--- SUPPLIED RECORDS ---
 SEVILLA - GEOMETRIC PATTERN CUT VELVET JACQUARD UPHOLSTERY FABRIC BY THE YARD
==
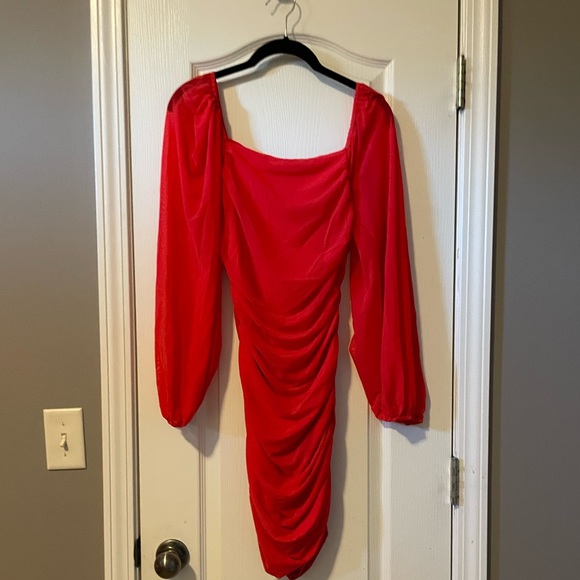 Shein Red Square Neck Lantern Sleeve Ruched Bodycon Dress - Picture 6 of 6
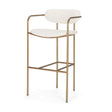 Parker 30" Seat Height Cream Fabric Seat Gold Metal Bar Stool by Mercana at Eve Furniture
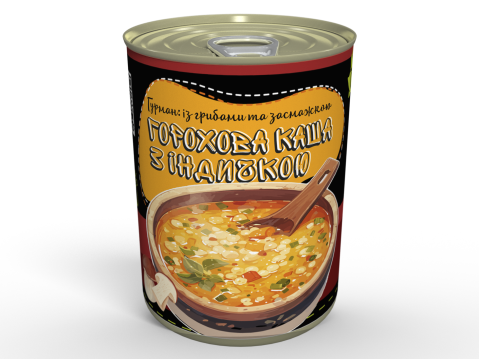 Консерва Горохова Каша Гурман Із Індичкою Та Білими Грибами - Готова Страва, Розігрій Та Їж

--- WHAT IS NEEDED ---
Write out again exactly the lines above from the one with "at Eve Furniture" through the one with "Консерва Горохова Каша", adding no other lines and no pictures.

--- FINAL ANSWER ---
 Parker 30" Seat Height Cream Fabric Seat Gold Metal Bar Stool by Mercana at Eve Furniture
 Консерва Горохова Каша Гурман Із Індичкою Та Білими Грибами - Готова Страва, Розігрій Та Їж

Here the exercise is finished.